Moderate signal· A real body of reports, fairly consistent.

Volume

High discussion volume across men's-health and TRT forums (ExcelMale and similar) and a large vendor/affiliate footprint, since it is one of the most marketed gray-market peptides. Volume is inflated by commercial sources, which should be discounted.

Consistency

Genuinely mixed. Responders describe a noticeable rise in arousal/desire and spontaneous erections within hours; a substantial minority report no libido effect at all, or get the side effects (cold/achy feeling, low mood for several hours, nausea) without the benefit. The split between strong responders and non-responders is one of the most consistent themes, which argues for high inter-individual variability.

Source credibility

Moderate. The for-women indication is anchored by real RCTs and an FDA label, which is far stronger than the typical peptide on this site. But the dominant off-label narrative (men, on-demand) is carried by anecdote plus small observational series, and much of the online enthusiasm originates from vendors who sell it, so credibility on the popular use case is capped.

Anecdote, not proof: many users describe a real, noticeable jump in arousal and 'wanting to' within an hour or so of dosing, often framed as desire/headspace rather than just a mechanical erection.
A recurring counter-theme is non-response: a meaningful share report the side effects (flushing, nausea, feeling cold/achy or low for several hours) with little or no change in libido, strong responders and non-responders both show up consistently.
Nausea is the most-cited downside; some users titrate the dose down or report it fades with repeated use, while others find it bad enough to stop.
Community sentiment commonly treats it as occasional/on-demand rather than a daily peptide, and experienced users flag the blood-pressure and skin-darkening warnings and caution against frequent dosing.

Placebo risk, High

The efficacy endpoints are subjective self-reported desire and distress scales, the experience is taken minutes before intentional intimacy (peak expectancy), and even the Phase 3 trials showed a large placebo-arm response.

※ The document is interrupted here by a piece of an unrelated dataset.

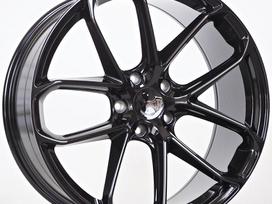 Porsche Taycan, vieglmetāla, R22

A subjective sexual outcome under high expectancy is close to a worst case for placebo susceptibility, hence High, despite the drug having a real pharmacological effect.

Risk panel

What could go wrong

Adverse events

Nausea is the dominant adverse effect, about 40% of treated women in Phase 3 trials, sometimes with vomiting (roughly 1 in 8), and severe enough that a meaningful share of trial participants needed anti-nausea medication or discontinued. Flushing (~20%), injection-site reactions (~13%), and headache (~11%) are also common.

Theoretical concerns

Melanocortin activation (MC1R) drives melanin production, so the same pathway that may cause incidental tanning also causes focal hyperpigmentation of the face, gums, and breasts, higher risk with darker skin and with frequent dosing, and resolution was not confirmed in all patients. The MC4R mechanism also produces transient blood-pressure elevation and heart-rate reduction with every dose.

Contraindications

Contraindicated in uncontrolled hypertension or known cardiovascular disease, and not recommended for those at high CV risk. Each dose causes a transient BP rise (label: max ~6 mmHg systolic / 3 mmHg diastolic) and HR drop, usually resolving within 12 hours. Do not exceed one dose per 24 hours or 8 doses per month, more frequent dosing increases both the hyperpigmentation risk and the cumulative time spent with elevated blood pressure. May slow gastric emptying and reduce absorption of oral drugs (e.g., a documented interaction reducing naltrexone exposure).

Honest unknowns

Long-term safety beyond ~1 year is not characterized. Off-label use in men and postmenopausal women lacks RCT safety data, and gray-market PT-141 (research-chemical vials, not the regulated Vyleesi autoinjector) carries unknown purity, dose accuracy, and sterility, none of the label's safety dataset applies to an unregulated vial. Cumulative cardiovascular risk from repeated on-demand dosing in people the label would have excluded is untested.

Confound watch

Off-label users frequently stack PT-141 with PDE5 inhibitors (sildenafil/tadalafil), testosterone/TRT, or other libido agents, any of which can independently change arousal or erectile function and muddy attribution. Expectancy is a major confounder for a subjective sexual outcome taken right before planned intimacy. An erection within hours of dosing (commonly reported) is not the same endpoint as increased desire, and the two are often conflated in anecdotes.

History

Discovery → first use → status

Early 2000sPalatin Technologies tests intranasal bremelanotide (a derivative of melanotan II) in Phase 2 trials for male erectile dysfunction and female sexual dysfunction.
2007FDA halts the intranasal Phase 2 program over increased blood pressure in subjects; the intranasal route is abandoned in 2008.
Late 2014Phase 3 trials of reformulated subcutaneous bremelanotide for HSDD begin (RECONNECT).
2017Palatin licenses U.S. development/commercialization rights to AMAG Pharmaceuticals; Phase 3 RECONNECT trials complete.
21 June 2019FDA approves Vyleesi (bremelanotide) for acquired, generalized HSDD in premenopausal women.

Verification

The COA standard, applied

Profile cross-checked against the FDA-approved VYLEESI label (DailyMed), the Wikipedia development-history summary (intranasal halt 2007, June 2019 approval, 2.7 h half-life, MC3/MC4 mechanism), and PubMed records of the Phase 3 RECONNECT trials and long-term extension. Adverse-event percentages and the daily-dosing hyperpigmentation figure (38% over 8 days) are taken directly from the label.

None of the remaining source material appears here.